- Directed by: Lal
- Written by: Lal
- Produced by: P. N. Venugopal
- Starring: Mukesh; Siddique; Jagadish; Ashokan;
- Cinematography: Venu
- Edited by: V. Sajan
- Music by: Alex Paul
- Production companies: P. N. V Associates Lal Creations
- Distributed by: Lal Releases (India)
- Release date: 25 March 2010;
- Running time: 136 minutes
- Country: India
- Language: Malayalam
- Budget: ₹2.5 crore
- Box office: ₹8 crore

= In Ghost House Inn =

In Ghost House Inn is a 2010 Indian Malayalam-language horror comedy film written, directed, and co-produced by Lal. Starring Mukesh, Siddique, Jagadish and Ashokan, the film is a sequel to 2 Harihar Nagar (2009) and In Harihar Nagar (1990). In the film, Thomas Kutty buys a haunted bungalow with the intent of converting it to a resort and convinces his friends to stay with him. The trouble begins when they actually see the ghost of the mistress who was killed seventy years ago.

It was produced by P. N. Venugopal under the banner of PNV Associates. The film was a box office success.

== Plot ==
Seventy years ago, within the eerie confines of Dorothy Bungalow, a sinister act unfolded. Dorothy, consumed by vengeance, mercilessly murdered her husband, Fernandez, and his mistress, Grace. With cold precision, she placed their lifeless bodies into a blood-drenched trunk before eliminating her unsuspecting driver. Disposing of both the trunk and the driver's corpse into the depths of a well hidden within the lower right chamber of the house, she vanished, leaving the mansion shrouded in an air of malevolence.

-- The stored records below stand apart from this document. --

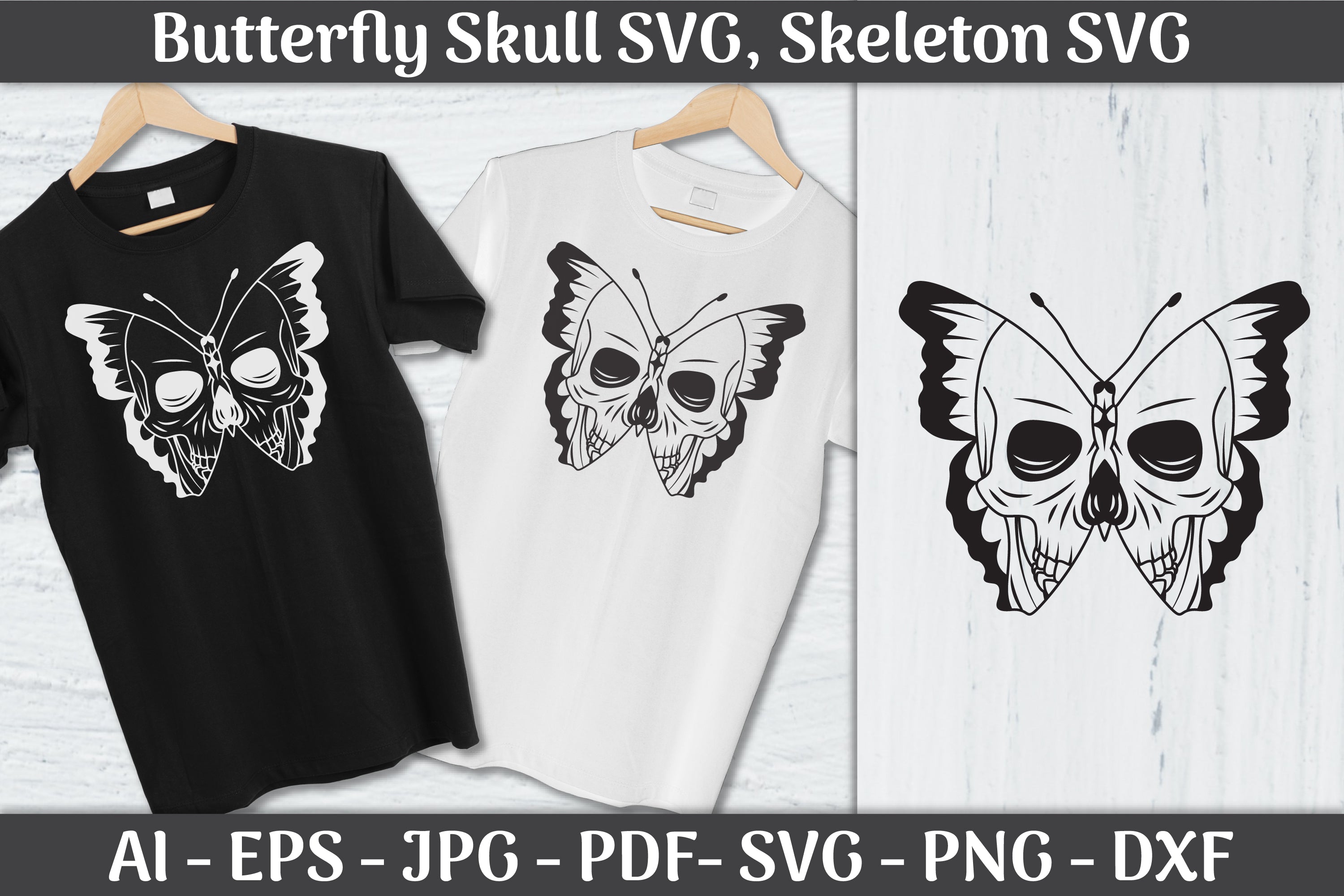 Butterfly Skull SVG Bundle: Skeleton SVG Collection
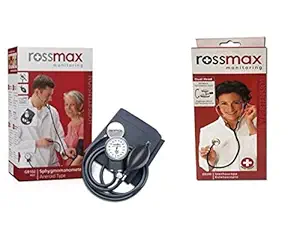 Rossmax GB102-EB200 Combo Aneroid Blood Pressure Monitor with Dual Head EB200 Stethoscope, Pack of 2 Items (Black)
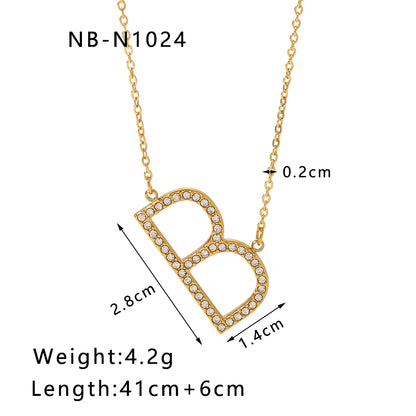 Hip-hop Simple Style Letter Stainless Steel Plating Inlay Zircon 18k Gold Plated Pendant Necklace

In the present day, Thomas Kutty, having come into considerable wealth through his exploits in 2 Harihar Nagar, acquires the seemingly forsaken bungalow nestled in the misty hills of Ooty, envisioning its transformation into a lavish resort. However, the property bears a sinister reputation—whispers of a spectral presence, the tormented soul of the mistress slain decades prior, pervade the region. Dismissing such tales as mere superstition, Thomas Kutty orchestrates an elaborate ruse to deceive his closest confidants, Mahadevan, Govindan Kutty and Appukuttan, demonstrating that fear is but a product of human imagination. Unveiling his deception—where hired individuals played the role of ghosts—he convinces his skeptical friends to join him in the mansion, along with their wives, though Mahadevan, Govindan Kutty and Appukuttan refuses.

En route to their destination, they encounter Father Dominic, a cryptic figure who ominously warns them of impending doom should they persist in their endeavor. Unmoved by his prophecy, they proceed, only to be met with an unsettling omen—the mansion's housekeepers abruptly abandon their posts, citing the undeniable presence of supernatural entities. At this juncture, Thomas Kutty confesses to a grave falsehood: contrary to his earlier claims, he had never resided in the bungalow alone before purchasing it. This revelation sends a shiver of unease through the group, as apprehension for their safety, as well as that of their spouses, takes hold.

A succession of unsettling occurrences compels them to seek the aid of Father Dominic, who agrees to intervene. However, their trust is tested when he discloses that he is unaffiliated with any church, instead pursuing a path devoted to paranormal research. As Mahadevan and Govindan Kutty prepare to leave, Dominic cryptically forewarns of a forthcoming calamity involving fire. His prophecy is chillingly realized when Thomas Kutty's wife, Jessy, is nearly consumed by flames—only to be rescued in the nick of time by Dr. Christopher, a supposed ally of Father Dominic.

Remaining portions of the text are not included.